DOH! That's right, the I-can-be-anybody babe did come get HRG to head off to Isaac's joint. Sooooo she can be in more than one person in more than one place at a time!! Voila!! It work's out grea....uhhh not so great eh?
Still doesn't make sense for HRG to be so sloppy. He's better than that. Hmmmmm


----------



## WinBear (Aug 24, 2000)

busyba said:


> Except on the heels of the first conversation between HRG and wife, Mystique walks into the hotel room while the wife is standing right there.


Since her power is illusory, she could have been both women.


----------



## JYoung (Jan 16, 2002)

logic88 said:


> How 'bout Lady Mastermind?


I still say Princess Projectra! 

I've seen "Glamour Girl" used on other forums.


----------



## Dennis Wilkinson (Sep 24, 2001)

danterner said:


> Plus, Hiro used his powers with Charlie when he went back in time. Didn't he make all of those origami cranes? But I think Philosofy's idea is that Ando boosts powers, not that Hiro *must* be around Ando for Hiro's power to work. I like this idea. I can't, however, think of any instances where Ando has boosted anyone else's power - Ando's been around Nathan, and Niki, and probably a bunch of other people that I'm forgetting, but we haven't seen their power boosted by his presence, have we?


Would we notice if he did?
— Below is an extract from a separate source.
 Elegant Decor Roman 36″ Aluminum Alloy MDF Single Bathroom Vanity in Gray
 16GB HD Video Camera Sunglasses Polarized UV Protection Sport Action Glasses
I'm not sure what, for example, Parkman's powers would look like "amplified."

Of course, if he does boost other's powers, and Peter somehow ends up with Ted's, might that contribute to Peter losing control and detonating?


----------



## Jericho Dog (Feb 10, 2006)

drew2k said:


> I don't think we've had an answer for why Peter got so sick in Odessa. I would love to know what happened to him ...


Didn't Claude tell Peter that he was sick because his body was adjusting to all the powers he was absorbing?
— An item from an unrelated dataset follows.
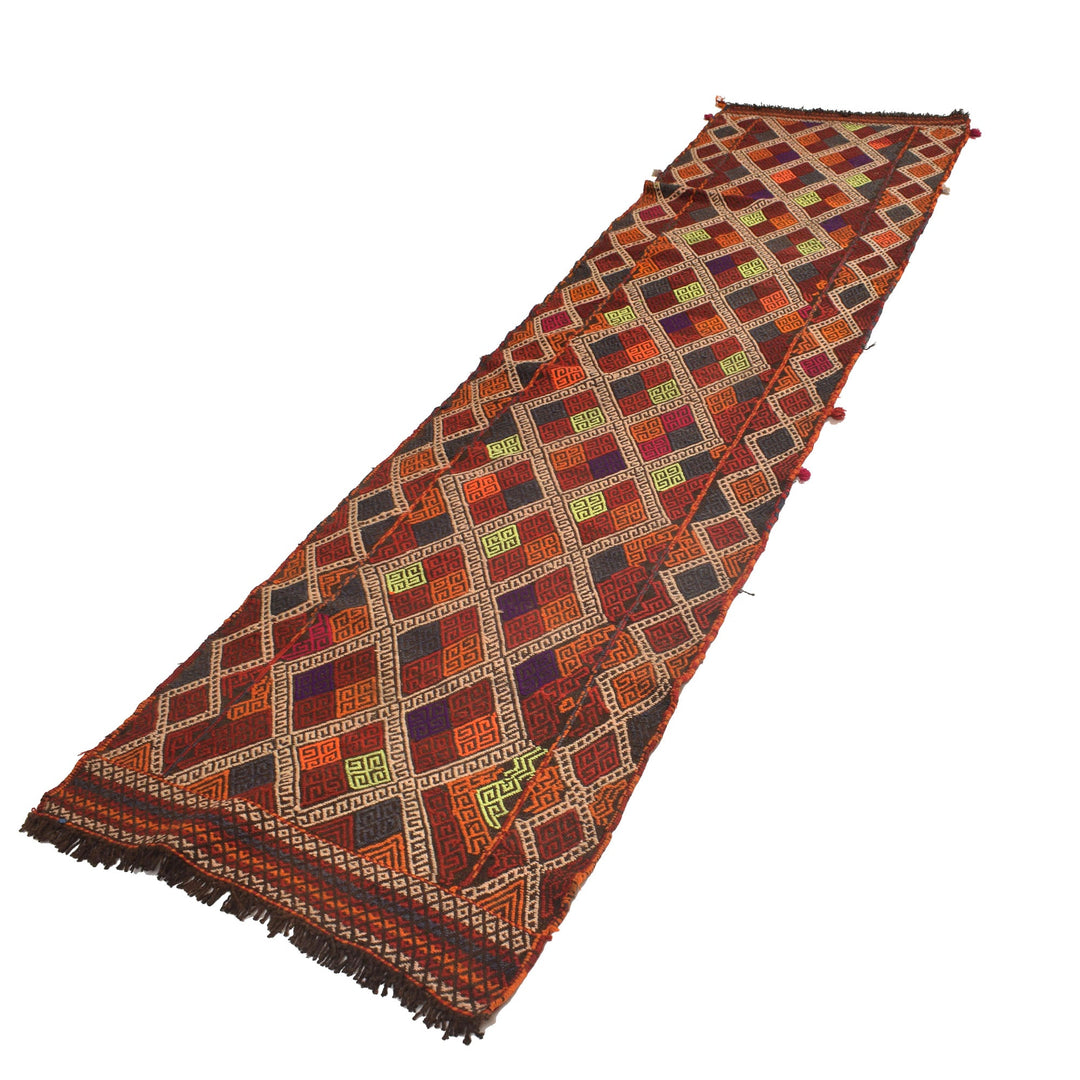 Afghan Suzani Kilim Runner 2' 6" x 9' 4" Flat-Weave pattern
Didn't he relieve the pressure with the whole wax-on, wax-off thing?


----------



## unicorngoddess (Nov 20, 2005)

WinBear said:


> Since her power is illusory, she could have been both women.


That's a good theory too. Because what was with the whole "I like your hair" line??? Her hair wasn't even fixed up at the time. But when you think of it as a conceited-type comment made to herself, it seems to make more since.

But how would she have the note that HRG wrote himself? Maybe the company has already gotten to his wife and son....


----------



## MFruchey (May 25, 2006)

Gunnyman said:


> I'll just call her the "hot *****"


Direct and to the point. I'll vote for that one.


----------



## PJO1966 (Mar 5, 2002)

busyba said:


> Except on the heels of the first conversation between HRG and wife, Mystique walks into the hotel room while the wife is standing right there.


Also, in the first conversation with his wife, her cell phone rings and the ringtone is a dog barking. Just before "The Projectionist" reveals herself, her cell phone rings with a normal ringtone.


----------



## glumlord (Oct 27, 2003)

Billyh1026 said:


> If you look closer you'll see
> 
> 
> 
> ...


I don't think so.



Spoiler



I watched the preview again and there are two scenes.

1) Someone falling from Ceiling, and yes this is Mohinder.

2) Scene with someone flying towards Peter.
I've looked at this scene multiple times and the body position indicates to me that the scene is reversed and that it's Sylar actualy flying backwards as if being pushed by telekinesis. I think they put the scene in reverse to throw us off.


----------



## dswallow (Dec 3, 2000)

PJO1966 said:


> Also, in the first conversation with his wife, her cell phone rings and the ringtone is a dog barking. Just before "The Projectionist" reveals herself, her cell phone rings with a normal ringtone.


Many phones support individual ringtones for each phone book entry.


----------



## DevdogAZ (Apr 16, 2003)

Billyh1026 said:


> I was under the impression that HRG's wife was actually the I-can-be-anybody babe both times. Especially since Thompson was already pretty skeptical.
> 1. She was not scatterbrained either time. Had me wondering the first time "what give's with that?" Now I know. I think...
> 2. He'd never wipe his mind and not his wife's.
> 3. He'd never leave a note for himself that would put back in his mind exactly what he got shot and mind-wiped to not have there.
> 4. He'd go all the way or none of the way. No gaps anywhere.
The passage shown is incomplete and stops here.